Agen, le 18 mai 2018
Lettre ouverte remise au Préfet de Lot et Garonne pour le Président de la République
Monsieur le Président,
Le Conseil d’Etat vient de confirmer la DUP pour le projet GPSO (LGV Bordeaux-Toulouse et Bordeaux-Dax en rejetant les recours des opposants à ce projet.
Cette décision de justice va à l’encontre des deux jugements pris sur des dossiers similaires :
- de la LGV Poitiers-Limoges le 15 avril 2016 par le Conseil d’Etat
- du réaménagement Sud Bordeaux du GPSO le 29 juin 2017 par le tribunal administratif de Bordeaux
Dans ces deux dossiers, les bilans socio-économiques et les financements furent les arguments majeurs ayant conduit à l’annulation des déclarations d’utilité publique.
Pour le tronçon ligne nouvelle du GPSO, le Conseil d’Etat a reconnu les mêmes causes mais s’est déjugé en prenant au final une décision contraire, c'est-à-dire en rejetant les recours et en validant ainsi l’utilité publique de ce projet.
Cette décision est pour les citoyens et pour les associations incompréhensible.
C’est pour cette raison, Monsieur le Président, que nous nous adressons à vous.
Dans un contexte mouvementé sur l’avenir de la SNCF, nous gardons en mémoire quelques faits et déclarations qui ont marqué l’opinion publique :
- Enquête publique
La Commission d’Enquête Publique émet un avis défavorable sans ambiguïté, à la déclaration d’utilité publique relative au projet de ligne à grande vitesse Bordeaux-Toulouse et Bordeaux-Dax.
- Dette de la SNCF : 54,5 milliards d’euros au 31 décembre 2017
Selon la Direction de la SNCF, « la construction des lignes à grande vitesse (LGV), décidées par l'État, représente […] 50 % de la dette de SNCF Réseau (création, intérêts de la dette, déficit d’exploitation), soit environ 23 milliards d’euros sur un total de 46,6 milliards d'euros ».

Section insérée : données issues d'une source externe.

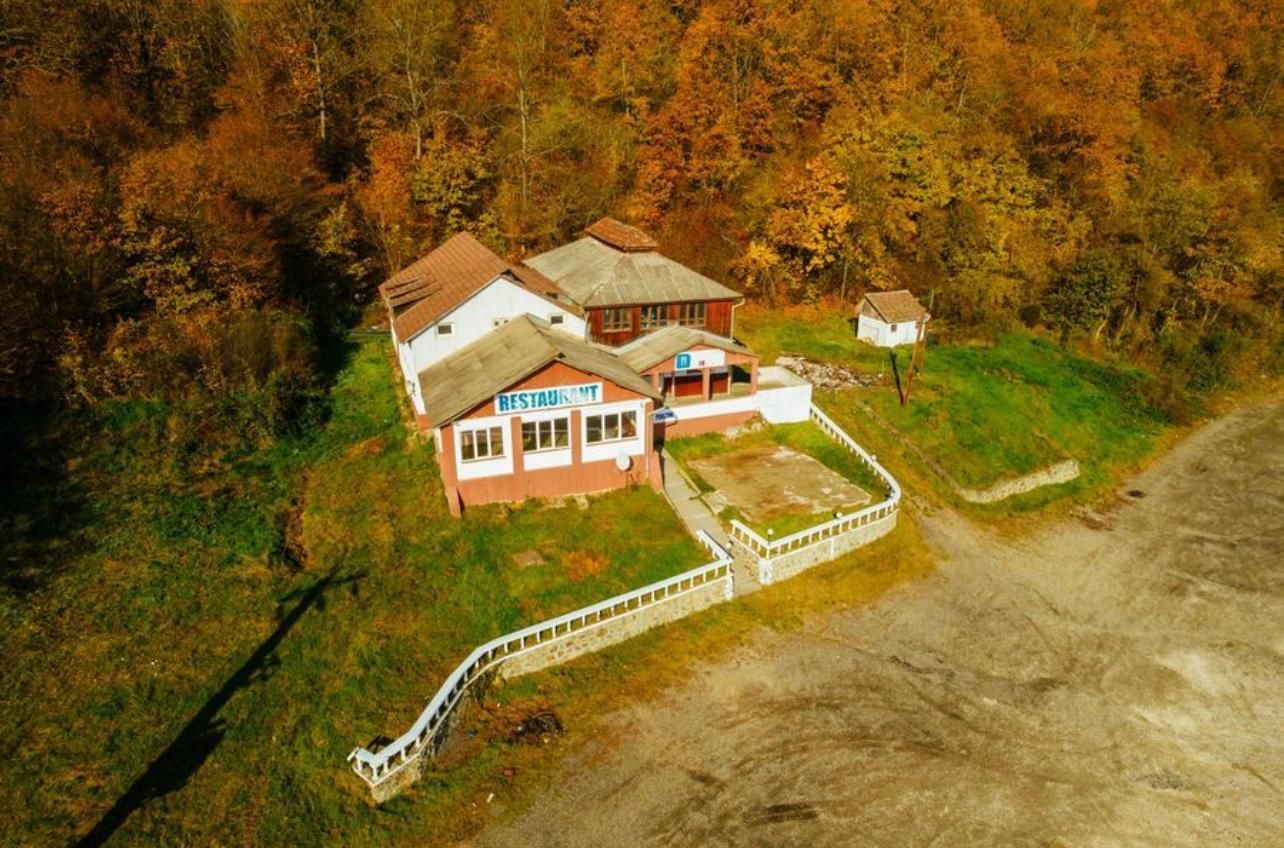 Pensiune 12 camere, vulcanizare, spălătorie pe DN7 - Poză 1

Toutes les prévisions montrent que les 4 dernières LGV (Tours-Bordeaux, Metz-Strasbourg, Le Mans-Rennes, et le contournement de Nîmes et Montpellier) ont considérablement augmenté cette dette.
Monsieur le Président, comment peut-on admettre que l’Etat (c'est-à-dire les contribuables) reprenne d’ici 2020 la dette de la SNCF et en même temps continuer à construire des LGV qui creusent cette dette ? Qui pourrait le comprendre ?
- Financement du projet GPSO
Conscients de la situation tendue des finances de notre pays et des collectivités territoriales, des grand élus de Nouvelle Aquitaine et d’Occitanie préconisent de créer de nouvelles taxes.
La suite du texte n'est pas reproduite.